↓↓↓

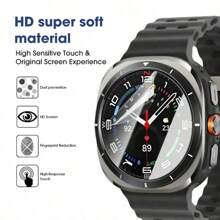 1-5PCS Full Screen Protector For Galaxy Watch7 6 5 4 40/44mm Hydrogel Film Protective Cover For Watch Classic 43mm 47mm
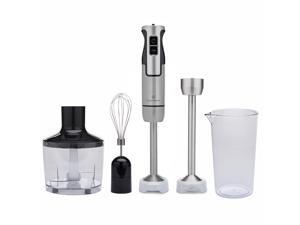 ChefWave InterMix 500 Watt 9-Speed Immersion Multi-Purpose Hand Blender Heavy Duty w/ 6.3 in. & 8.5 in. Immersion Depth Wands, Beaker, Whisk and Chopper Attachments ChefWave InterMix 500 Watt 9-Speed Immersion Multi-Purpose Hand Blender Heavy Duty w/ 6.3 in. & 8.5 in. Immersion Depth Wands, Beaker, Whisk and Chopper Attachments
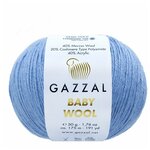 Пряжа Gazzal Baby Wool (813 голубой) - изображение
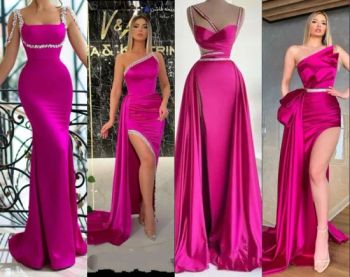 Fuchsia Bridesmaid Dresses Mermaid Bridal Formal Prom Evening Dress Z1048 - Suzhou Leader Apparel Co., Ltd. - China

↑↑↑

• **What is needed**
The whole listing is to be retyped exactly, with its pictures removed.

• **Output of the exercise**
 1-5PCS Full Screen Protector For Galaxy Watch7 6 5 4 40/44mm Hydrogel Film Protective Cover For Watch Classic 43mm 47mm
 ChefWave InterMix 500 Watt 9-Speed Immersion Multi-Purpose Hand Blender Heavy Duty w/ 6.3 in. & 8.5 in. Immersion Depth Wands, Beaker, Whisk and Chopper Attachments ChefWave InterMix 500 Watt 9-Speed Immersion Multi-Purpose Hand Blender Heavy Duty w/ 6.3 in. & 8.5 in. Immersion Depth Wands, Beaker, Whisk and Chopper Attachments
 Пряжа Gazzal Baby Wool (813 голубой) - изображение
 Fuchsia Bridesmaid Dresses Mermaid Bridal Formal Prom Evening Dress Z1048 - Suzhou Leader Apparel Co., Ltd. - China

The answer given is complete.